Des étudiants poussés dans leurs retranchements
L’épreuve au sens strict dure 48 heures, sans la moindre pause. Pendant ce laps de temps, les participants doivent rester constamment sur le qui-vive afin de se protéger contre les attaques de leurs adversaires, y compris durant la nuit. Pour assurer une protection continue, les étudiants sont obligés d’organiser des relèves. Tandis que leurs pairs profitent de quelques heures de sommeil, ils veillent au grain, avant de prendre un peu de repos à leur tour. Certains participants, absorbés par leurs tâches et vraisemblablement gorgés d’adrénaline, n’hésitent pas à dépasser l’heure de coucher fixée par leur capitaine. Au petit matin, quand les thermos de café sont pris d’assaut, un étudiant s’étonne de « n’avoir dormi que deux heures », mais de se sentir malgré tout « bien reposé ».
À plusieurs mètres de distance, les factions ennemies s’observent et tentent d’anticiper les opérations de leurs adversaires.

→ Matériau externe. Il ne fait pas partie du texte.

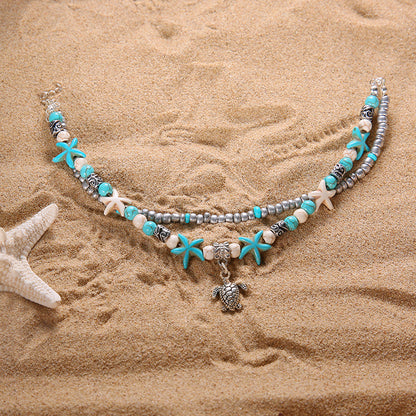 Beach Anklet Sea Turtle Pendant Starfish Turquoise Anklet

La nuit tombée, quand les lumières du gymnase sont coupées et que le campement est plongé dans une obscurité presque totale, un vent de paranoïa souffle entre les tentes. En discutant avec ses camarades, un étudiant s’inquiète de ce qu’il a remarqué chez les troupes ennemies :
« Je sais pas ce qu’il se passe, ils étaient tous dans la tente et ils viennent tous d’en ressortir ».
Au terme de l’événement, plusieurs prix seront remis aux participants. Les organisateurs récompensent notamment l’équipe qui a le mieux réagi aux offensives, celle qui a mis sur pied la meilleure défense, celle qui a créé la meilleure attaque et celle qui a déployé la meilleure campagne d’influence.
Recruter de nouveaux talents
Grâce à cet exercice, le Commandement de la Cyberdéfense cherche à dénicher les étudiants les plus talentueux afin de gonfler ses rangs. Comme l’explique le Général de division Aymeric Bonnemaison, Commandant de la cyberdéfense, cet « exercice de gestion de crise cyber réaliste et immersif », qui se déroule « dans un milieu plus militarisé cette année », prépare « les futurs experts, les cybercombattants et cybercombattantes dont nous avons besoin ». De leur côté, les partenaires de l’événement, comme Orange, Siemens ou Thales, peuvent mettre à l’épreuve la sécurité de leurs équipements dans des conditions proches de la réalité.